Собственно, с первого рейтинга интеллектуалов, или, как тогда выражались, мудрецов, начинается легендарная история европейской цивилизации и европейского мышления. Говорят, что давным-давно в Дельфах с неба свалился треножник, прямо на головы бедных древних греков. И на том треножнике на чистом греческом языке было написано: «Мудрейшему!» Общегреческого ВАКа[1] в те времена не было, а до учреждения Нобелевской и Шнобелевской премий оставалось более двух тысячелетий, поэтому у греков возникла проблема – кому же предназначен сей приз? Те, кому он свалился на голову, точно знали, что не им, поэтому упаковали треножник в посылку и отправили Фалесу. Сам Фалес в этот момент пребывал в упадническом настроении, никак теорему свою доказать не мог, и предавался самокритике. Знаете, как это бывает? Расстроится человек, когда у него что-то не получается, и ругает себя последними словами типа: «тупица, дебил, даже на конкурсе дебилов ты занял бы только второе место, потому что ты дебил…, и т.д.». И вот, не дочитав сопроводительную записку, Фалес заворачивает треножник обратно в целлофан и отправляет Питтаку (а может, Бианту или Периандру[2], не помню точно). Тот, получив пакет, уже по своим причинам отправляет его еще кому-то. Так треножник, предназначенный мудрейшему, обошел человек 12-15, которых потом назвали семью греческими мудрецами для ровного счета, и вернулся к Фалесу. К этому моменту Фалес уже доказал свою теорему и прыгал от радости с криками: «Эврика! Я гений!» – и все такое. В таких случаях грекам положено богам жертву в благодарность приносить. Тут треножник и пришелся кстати: «На тебе, Аполлоша, чего мне самому не нужно!» И отправил Фалес треножник обратно в Дельфы, где он хранился в запасниках как доказательство, что можно и иначе проводить рейтинги, не по-бабски. А как по-бабски, это все грекам еще Гомер рассказал; про то, как трем блондинкам попало в руки яблоко с надписью «Прекраснейшей!». Бабы перессорились, позвали рефери, учредили коррупцию среди судей – в общем, все закончилось Троянской войной, где всех греческих героев перебили[3].
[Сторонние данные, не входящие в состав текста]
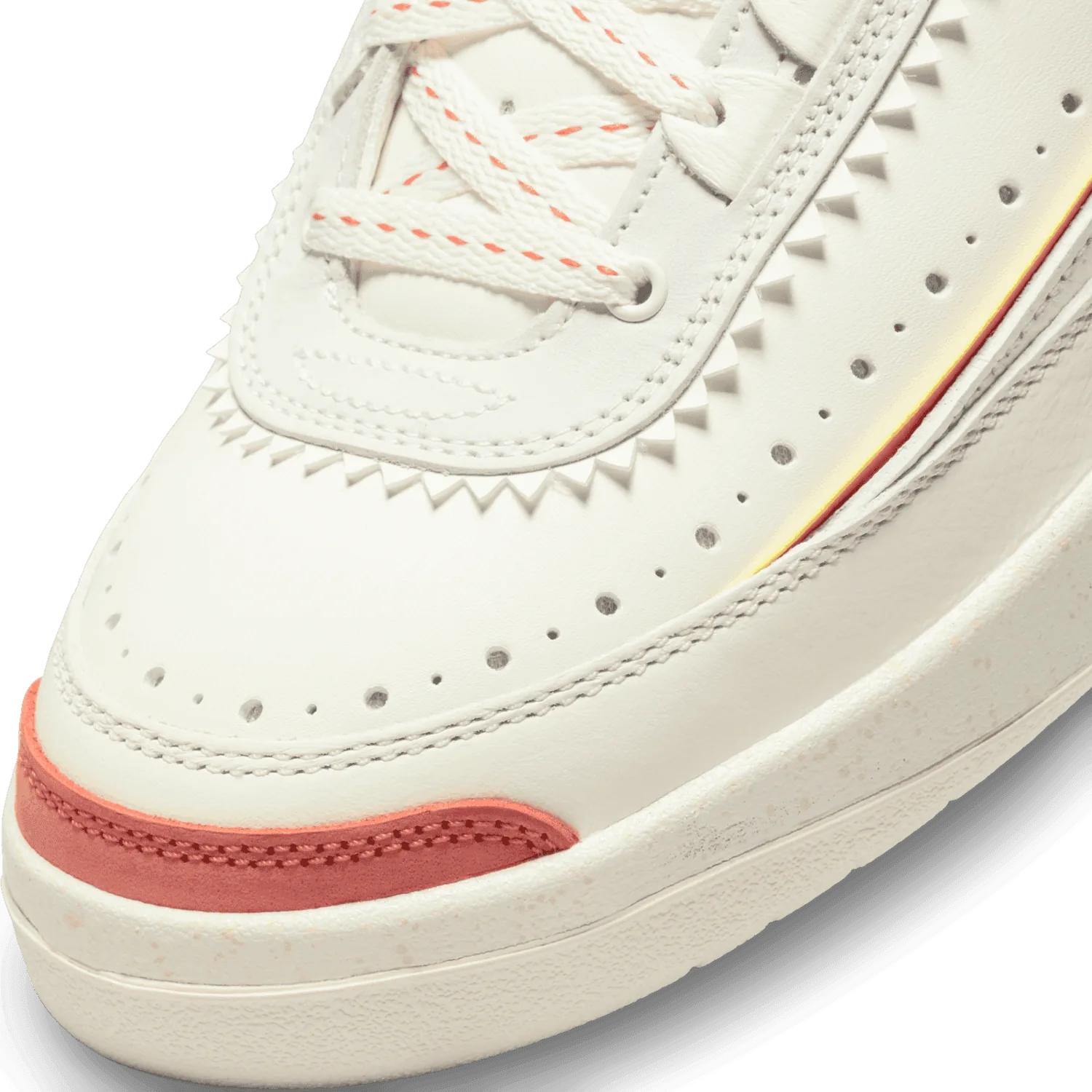 Air Jordan 2 Retro Maison Chateau Rouge image 7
С тех пор никому не удается провести рейтинг по первому сценарию – за основу взят бабский сценарий с вариантами, будь то конкурс «Мисс Вселенная» или Нобелевская премия. Правда, иногда проводить рейтинги поручают социологам, но с тем же успехом.

Но греки были умными, они понимали, что нужно действовать как-то иначе, поэтому придумали соревновательность и агональность. Решать, кто есть кто, кто быстрее, сильнее, умнее, должны те, кто на это претендует, и решать это можно в борьбе, игре, соревновании. Благо традиционные Олимпийские игры служили им хорошим примером. В интеллектуальной сфере соревнование проводится в виде диспутов между претендентами. И это правильно. Так агональность стала обязательным компонентом интеллектуальной жизни и деятельности.

Хочешь считаться первым интеллектуалом – переспорь всех, кто готов претендовать на то же самое. Можно иначе: возьми нерешенную задачу, недоказанную теорему, трудную проблему – и реши первым, докажи первым. Все очень просто. И так интеллектуалы жили и соревновались тысячи лет, от софистов до схоластов. Но потом все начало портиться. Соревноваться трудно. А кроме того, победа не страхует от того, что придет кто-то амбициозный и талантливый и победит тебя в следующем диспуте, решит еще более сложную проблему, докажет две теоремы и т.д.

Поэтому интеллектуалы стали придумывать всякие симулякры, эрзацы. Стали клянчить у монархов назначения их самыми умными, придумали пожизненные ученые степени и звания. Все ради того, чтобы не спорить, не доказывать, не мыслить.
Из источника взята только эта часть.